Opinion
March 9, 1998
Appeal from the Supreme Court, Kings County (Dowd, J.).
Ordered that the appeal from the order dated December 12, 1996, is dismissed, as that order was superseded by the order dated June 26, 1997, made upon reargument; and it is further,
Ordered that the order dated June 26, 1997, is reversed insofar as appealed from, on the law, upon reargument the respondent's motion to dismiss the complaint is denied, the order dated December 12, 1996, is vacated, and the complaint is reinstated.
It is well settled that on a motion to dismiss pursuant to CPLR 3211 (a) (7), the allegations set forth in the complaint must be accepted as true and given the benefit of every possible favorable inference (Leon v.
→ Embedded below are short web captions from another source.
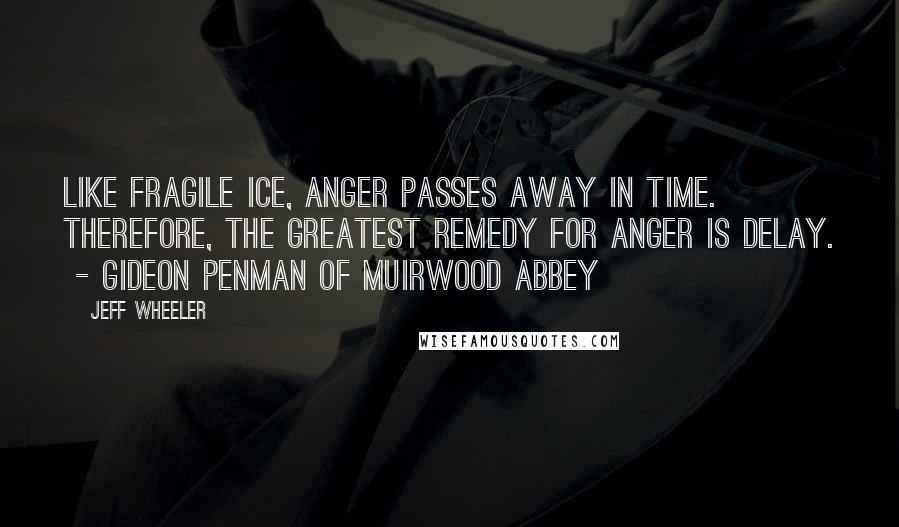 Jeff Wheeler quotes: Like fragile ice, anger passes away in time. Therefore, the greatest remedy for anger is delay. - Gideon Penman of Muirwood Abbey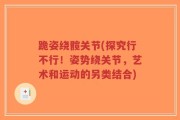 跪姿绕髋关节(探究行不行！姿势绕关节，艺术和运动的另类结合)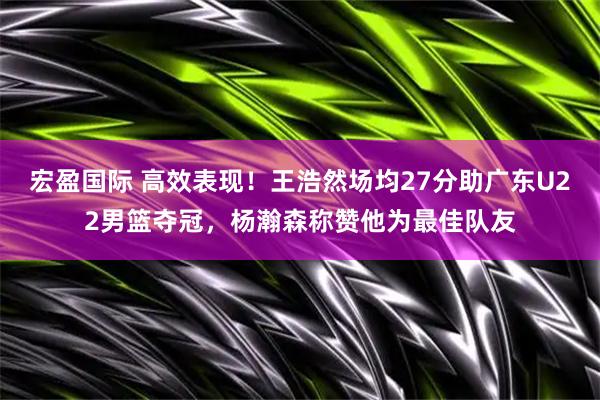 宏盈国际 高效表现！王浩然场均27分助广东U22男篮夺冠，杨瀚森称赞他为最佳队友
Martinez, 84 N.Y.2d 83, 87-88; Guggenheimer v. Ginzburg, 43 N.Y.2d 268, 275; Rovello v. Orofino Realty Co., 40 N.Y.2d 633, 634; Russo Sec. v. Meltzer, Lippe, Goldstein, Wolf, Schlissel Sazaer, 243 A.D.2d 552; Bovino v. Village of Wappingers Falls, 215 A.D.2d 619). When measured against these standards, we find that the causes of action alleged in the complaint were sufficiently stated, and therefore the respondent's motion to dismiss should have been denied (see, Bovino v. Village of Wappingers Falls, supra; cf., Sopesis Constr. v. Solomon, 199 A.D.2d 491, 492).
Miller, J. P., Ritter, Thompson and Pizzuto, JJ., concur.